Estamos muito focados na questão do abastecimento, de inibir essa violência. Vamos trabalhar nisso. Mas tivemos relatórios de inteligência apontando que os ataques aconteceram, e as fake news voam de forma absurda. Isso foi uma prévia do que serão as eleições. Os EUA, a França e a Espanha não escaparam disso. É preciso muito cuidado porque os ataques têm a intenção de deturpar, redirecionar a vontade popular e soberana.

Estamos tomando providências para prevenir isso?

O ministro Gilmar Mendes, quando ainda presidente do Tribunal Superior Eleitoral, montou um grupo com o ministro da Defesa e a Abin. Não tenho participado de novas reuniões, mas acredito que devem estar trabalhando nisso.

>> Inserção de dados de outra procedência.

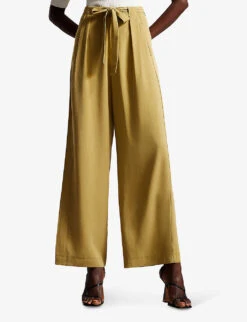 Ted Baker Jemila Wide-leg Lyocell Trousers 6 Ted Baker Jemila Wide-leg Lyocell Trousers -Whistles Closet Shop R04122565 KHAKI ALT02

Os estados não querem abrir mão de receitas advindas do ICMS aplicados sobre os combustíveis. Isso está sendo conversado?

Não vou citar nomes, mas quero dizer que a PRF ficou sozinha porque houve estado que mandou a Polícia Militar sair de lá. Tivemos de enviar 200 homens, ficamos sozinhos e tivemos de agir. Até que a circulação começou a se agravar e a corroer, e os governadores passaram a se empenhar mais. Mas, num primeiro momento, ninguém se preocupou e teve quem dissesse que o problema é do governo federal.

O que é mais grave? A situação da primeira semana ou esta? O que está sendo feito?

Acredito que o mais crítico foi a primeira semana. O que temos hoje é que determinados grupos, seja por interesse político, seja de poder, não querem ceder.

Quanto tempo mais o senhor acha que vai durar a greve?

Não tenho uma previsão. Isso já não é uma questão dos caminhoneiros em si, é a questão da violência, sobretudo a violência política. Por isso mesmo, criamos uma central de atendimento àqueles coagidos para fazerem denúncia e mandarem registro para que possamos fazer algo.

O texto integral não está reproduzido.